Enviada em 02/05/2021
Em 1760 iniciava-se a Primeira Revolução Industrial, processo responsável pelo “start” na busca por tecnologia e evolução da raça humana. Hoje é dito que a população passa pela Quarta Revolução Industrial, que tem como principal característica a mecanização e automação de processos comuns do dia a dia.
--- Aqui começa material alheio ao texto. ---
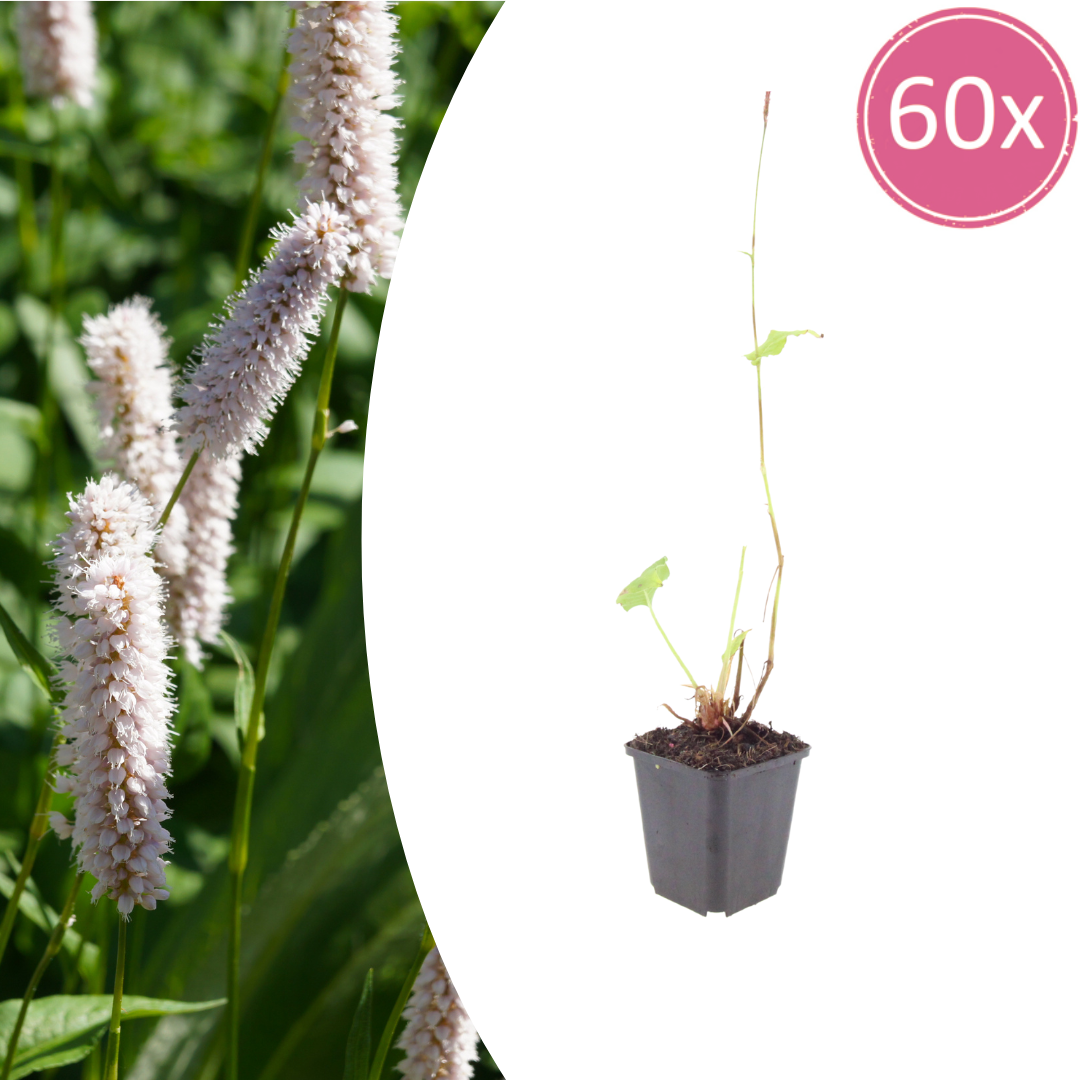 Persicaria bistorta Superba – 60 Pflanzen Ø9cm – Höhe10-25cm – Rosa Blütenstaude für feuchte Beete & Teichrand – Bienenfreundlich winterhart – Flächenbepflanzung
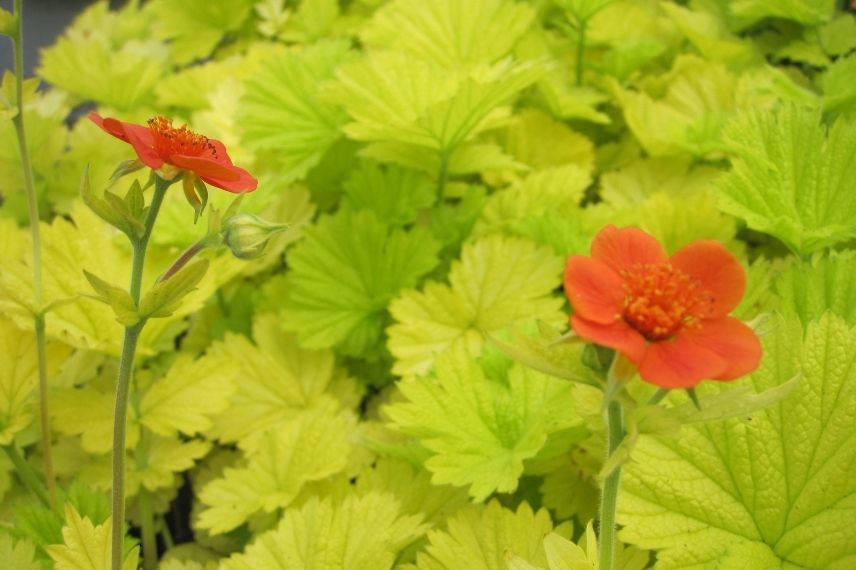 benoîte dorée, plante feuillage jaune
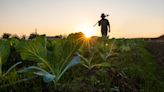 Philip Cobbs Hopes To Preserve History Of Family's 600-Acre Farmland In Virginia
Apesar de não parecer, essa modernização traz consigo um grande problema: pessoas estão perdendo seu lugar para as máquinas, tendo que recorrer aos trabalhos por aplicativo, que não são tão bons quanto prometem ser.
Em primeiro lugar, ao ser demitido, surgem preocupações em relação às finanças, que se agravam caso a pessoa tenha uma família para sustentar. Em virtude dessa situação, uma válvula de escape que parece ser promissora é a plataforma de tabalho digital, como o Ifood, ja que dá a pessoa uma falsa sensação de segurança e liberdade, pois por conta própria, o colaborador dessas empresas pode escolher o seu tempo de trabalho diário, ou seja, ele possui maior flexibilidade na sua jornada.
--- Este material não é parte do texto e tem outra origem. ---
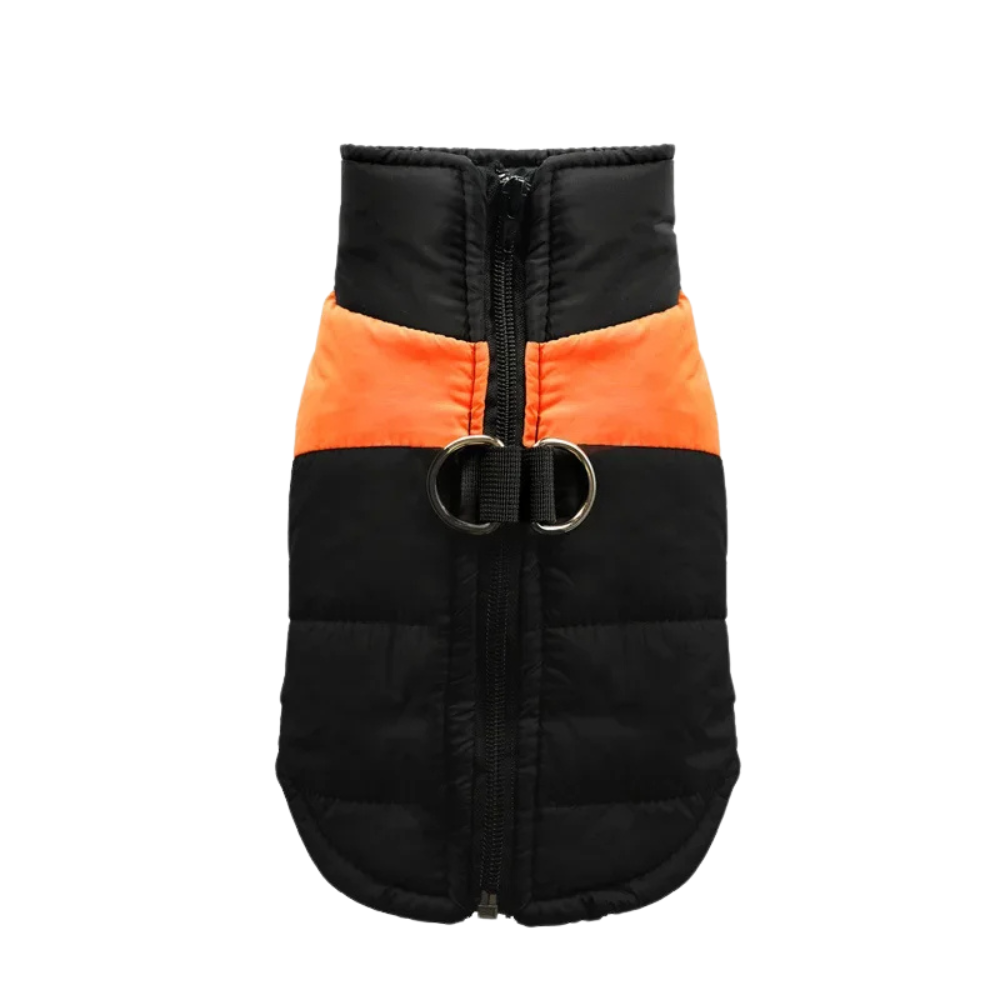 Veste chaude et matelassée pour chien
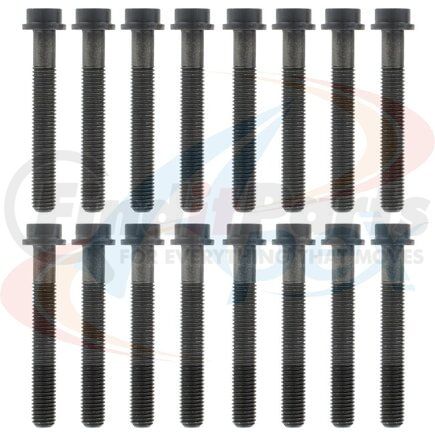 Apex Gaskets AHB427 Engine Cylinder Head Bolt Set Head Bolt Set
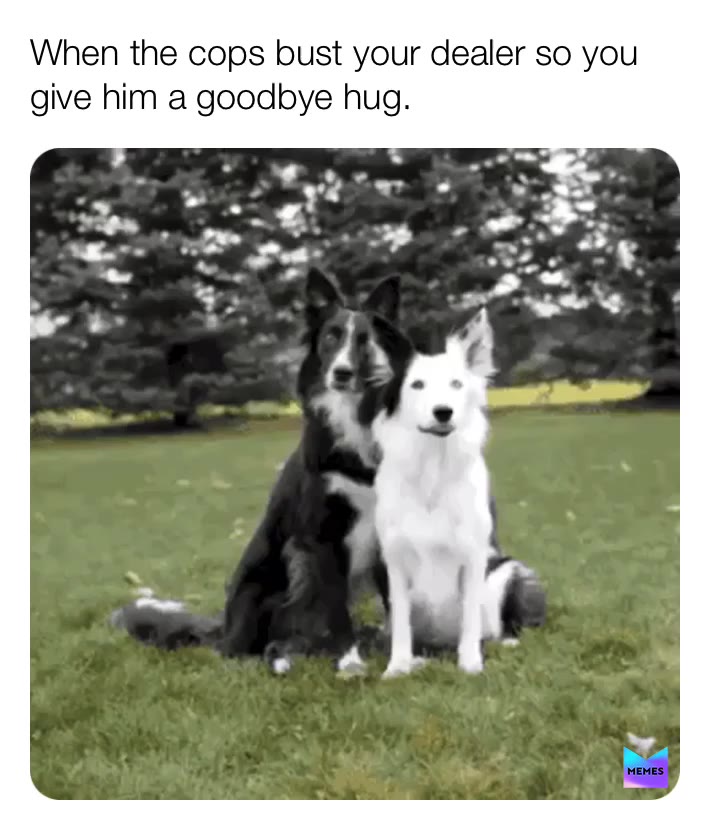 #weedhumor  #memesdailys  #memesdaily  #dogs  #cat
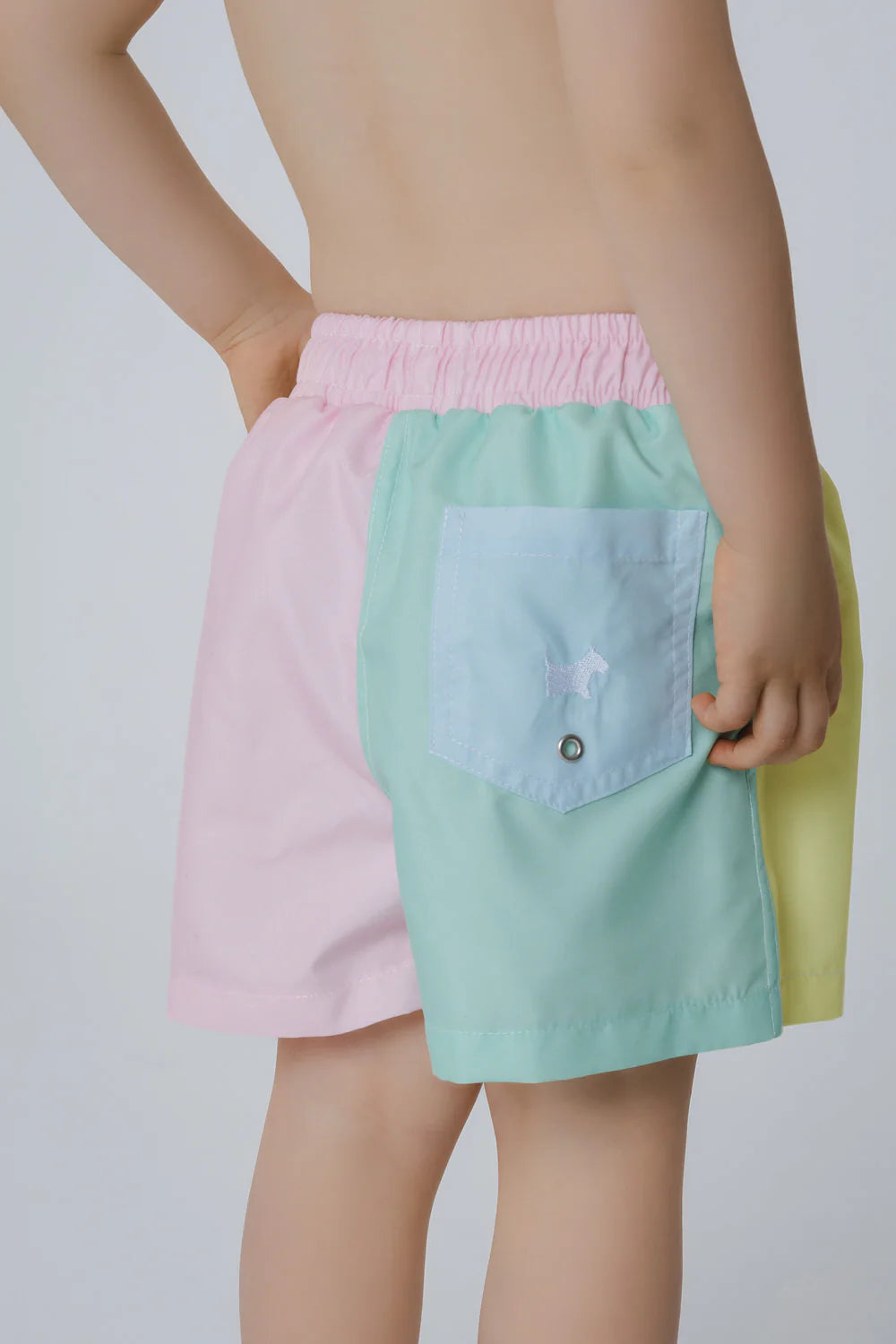 Swim Trunks Dreamland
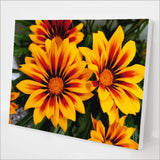 Blanket Flower kit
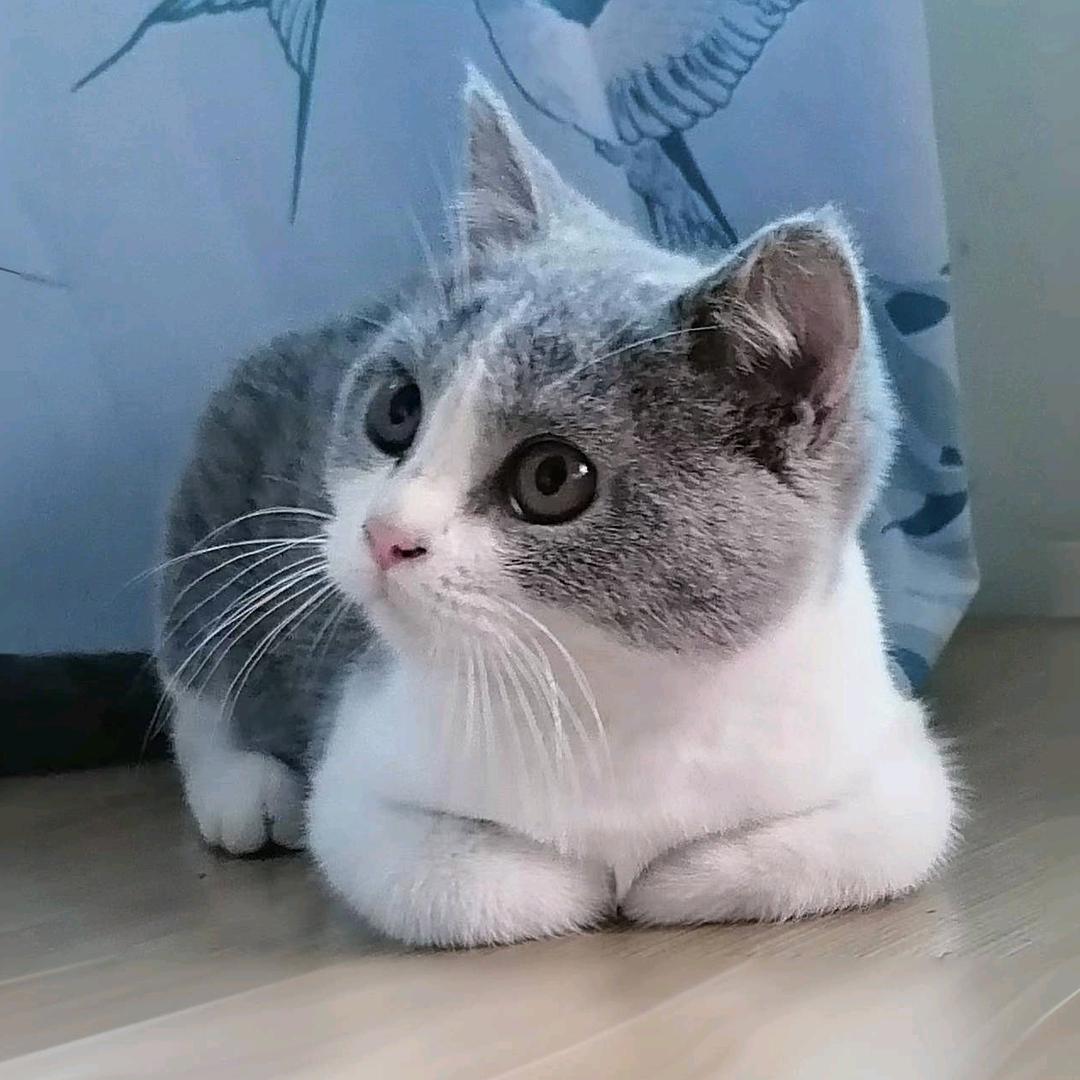 咪娃子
Em segundo momento, após uma análise mais detalhada dessas plataformas, percebe-se que elas não são tão boas quanto parecem ser, isso porque o profissional dessa plataforma não é assegurado pela CLT, ou seja, muitos direitos que ele teria com a carteira assinada não lhe são garantidos (como salário e jornada determinada). Um exemplo é o caso do falecido Thiago noticiado no G1, entregador do aplicativo “Rappi”, que teve um AVC durante o serviço e notificou a empresa, que por sua vez não tomou nenhuma providência para ajudar seu funcionário.
Em virtude dos fatos apresentados, é mister que o Ministério do Trabalho crie leis por meio de reuniões com representantes desses trabalhadores, as quais adequem essa modalidade de trabalho com a CLT, para que as pessoas tenham mais direito e segurança na sua jornada de trabalho. Ademais, essas leis devem ter seu funcionamento garantido por meio de pesquisas de satisfação com os colaboradores, e também por fiscalizações semestrais nas empresas que atuem nessa modalidade.